Heute kann Fabian Frei über das von ihm angesprochene Interview lachen, am 9. Dezember aber überwog beim Basler Captain, der eine deutliche Wortwahl nie scheut, der Frust. Vor laufender Kamera platzte ihm nach einer 0:1-Niederlage gegen GC, an deren Ursprung eine frühe Rote Karte gegen Taulant Xhaka stand, der Kragen. Frei holte zum Rundumschlag aus, kritisierte den VAR, den Platzwart und die Sperrung des Gotthards in der Nacht.

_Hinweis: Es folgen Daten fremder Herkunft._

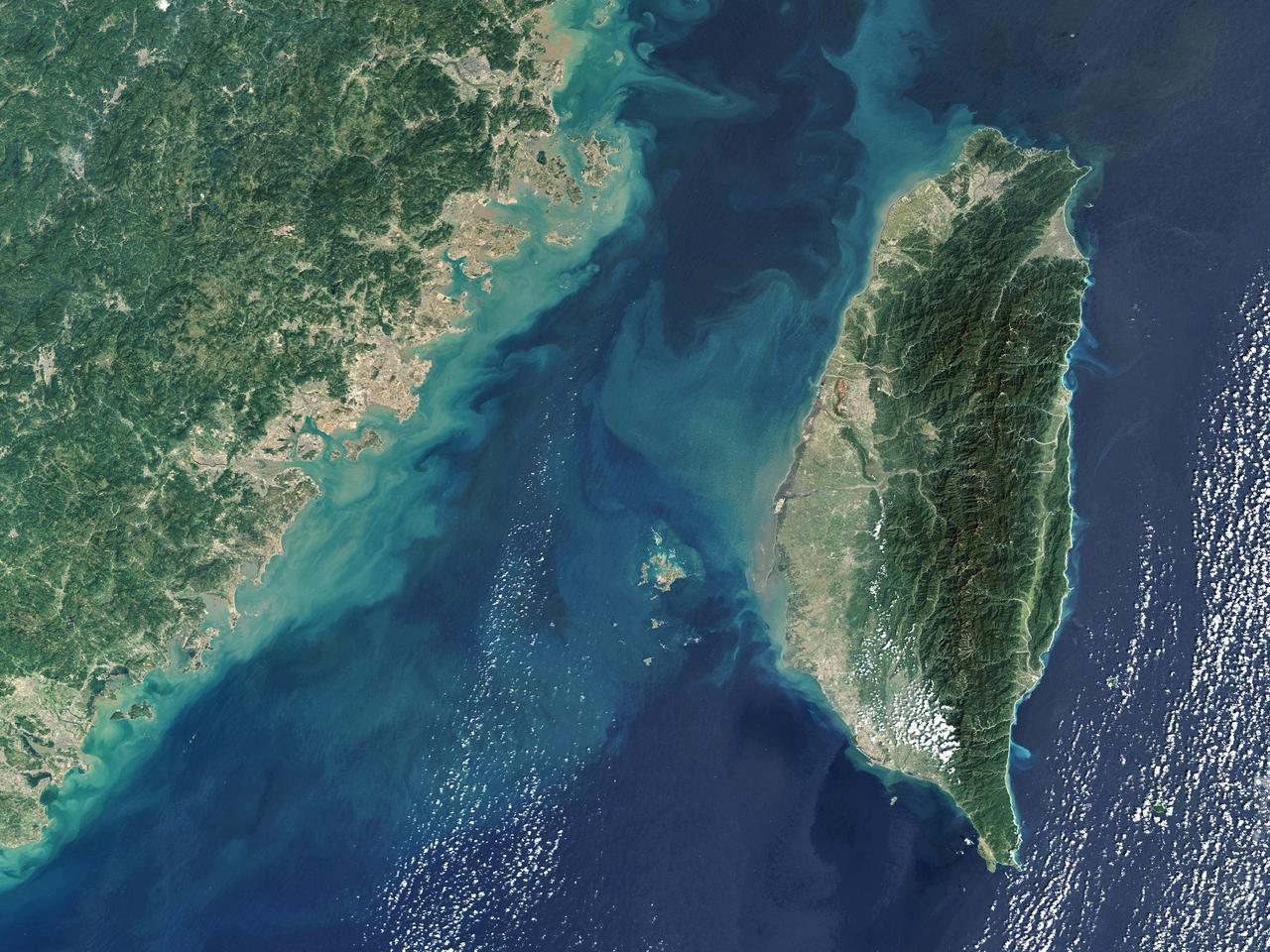 台海有变，岛内专家直说了，美胆敢军事介入，战场将推到美家门口
 
美军若想介入台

«Ich habe mich in diesem Moment einfach über alles aufgeregt, hatte schwache zwei, drei Minuten, wie es halt manchmal menschlich ist. Im Nachhinein wäre ich wohl besser erst fünf Minuten in die Kabine gegangen, um ein wenig herunterzukommen. Die Szene zeigt aber auch, dass mir das Ganze nicht egal ist, sondern viel bedeutet, ich mit Emotionen dabei bin.»
Sie sind bereits im «biblischen» Fussballer-Alter von 35 Jahren, Ihr Vertrag läuft im Sommer aus. Wie sieht die Zukunftsplanung aus?
«Geplant ist, Stand jetzt, dass ich noch ein Jahr dranhänge. Ich bin noch fit und fühle mich nicht bereit, um aufzuhören.»
Wer im Testspiel gegen Bayern München Jamal Musiala, Leroy Sané und Thomas Müller in Schach hält, hat gute Argumente für eine hochdotierte Vertragsverlängerung.
«Nicht zu vergessen Harry Kane (schmunzelt).»
Der ist aber nicht deutscher Nationalspieler.
(lacht)
Hätten Sie denn Lust auf ein neuerliches Aufeinandertreffen mit dem erwähnten Trio?
«An der Lust hat es noch nie gelegen. Als Tabellen-Elfter der Schweizer Liga konzentriere ich mich momentan aber erst mal auf dem FCB. Ich mache mir nicht allzu grosse Hoffnungen, noch auf den EM-Zug aufzuspringen. Ich konnte schon eine WM und eine EM spielen, das ist doch ganz okay. Sollte es mich, aus welchem Grund auch immer, doch benötigen, wäre ich natürlich sehr gerne dabei.»
Die Sommerferien sind also noch nicht gebucht?
«Nein. Man weiss ja nie, was bis dahin noch passiert.»